Updated: May 29, 2023


In this post, we present a CASE of technological success from CNPEM (National Center for Research in Energy and Materials) on the Sirius project, an advanced 4th generation particle accelerator located in Brazil. The author, Vitor Pereira Soares, is a member of the Magnets group at CNPEM, and describes the magnetic modeling used in the design of a superend with permanent magnet technology, using Siemens' Simcenter MAGNET software. The superbend plays a crucial role in the Sirius accelerator, allowing electron guidance and synchronous light emission. The use of this innovative technology demonstrates CNPEM's commitment to adopting and developing cutting-edge technologies. Below you will find all the details of this project and how Simcenter MAGNET contributed to its success.


 

Magnetic design for superbend magnets


Using simcenter MAGNET to optimize magnetic flux and critical energy in Brazilian particle accelerator


CNPEM's Project Sirius is a 4th generation particle accelerator, featuring one of the most advanced synchronous light sources globally. The Sirius superbend plays a crucial role in guiding electrons within the accelerator and enabling light emission.

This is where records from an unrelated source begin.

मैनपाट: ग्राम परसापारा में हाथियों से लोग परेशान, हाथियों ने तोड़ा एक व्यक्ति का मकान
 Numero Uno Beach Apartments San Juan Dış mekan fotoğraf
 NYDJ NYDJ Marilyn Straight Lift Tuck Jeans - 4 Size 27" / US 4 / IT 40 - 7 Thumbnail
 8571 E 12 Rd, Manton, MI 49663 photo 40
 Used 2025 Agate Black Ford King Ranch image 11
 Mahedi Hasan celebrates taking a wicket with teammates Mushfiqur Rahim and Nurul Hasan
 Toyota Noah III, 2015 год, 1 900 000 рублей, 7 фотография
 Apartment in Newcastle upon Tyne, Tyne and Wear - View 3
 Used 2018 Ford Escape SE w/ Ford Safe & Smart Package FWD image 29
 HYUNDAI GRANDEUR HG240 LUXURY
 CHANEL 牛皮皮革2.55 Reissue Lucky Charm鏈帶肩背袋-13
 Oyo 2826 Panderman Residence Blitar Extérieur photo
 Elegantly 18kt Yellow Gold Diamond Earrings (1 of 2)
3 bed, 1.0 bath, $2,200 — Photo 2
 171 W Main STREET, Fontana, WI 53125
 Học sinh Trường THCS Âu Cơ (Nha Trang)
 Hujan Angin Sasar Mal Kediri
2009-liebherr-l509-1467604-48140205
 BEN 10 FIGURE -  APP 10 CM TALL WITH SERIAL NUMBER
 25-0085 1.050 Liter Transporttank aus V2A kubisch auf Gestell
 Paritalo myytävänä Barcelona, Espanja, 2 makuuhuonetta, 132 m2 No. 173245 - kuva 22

To design the superbend, CNPEM has taken an innovative approach, utilizing permanent magnet technology and optimizing it using Siemens' Simcenter MAGNET software. The result is a magnetic dipole capable of generating stronger magnetic fields, showcasing CNPEM's commitment to adopting and developing cutting-edge technology.


Author: Vitor Pereira Soares

Title: Technology Development Analyst, CNPEM


Introduction


Project Sirius is a milestone on Brazilian scientific research, opening new perspectives for the research in areas such as materials science, nanotechnology, physics, and many others.


Brazilian Center for Research in Energy and Materials (CNPEM)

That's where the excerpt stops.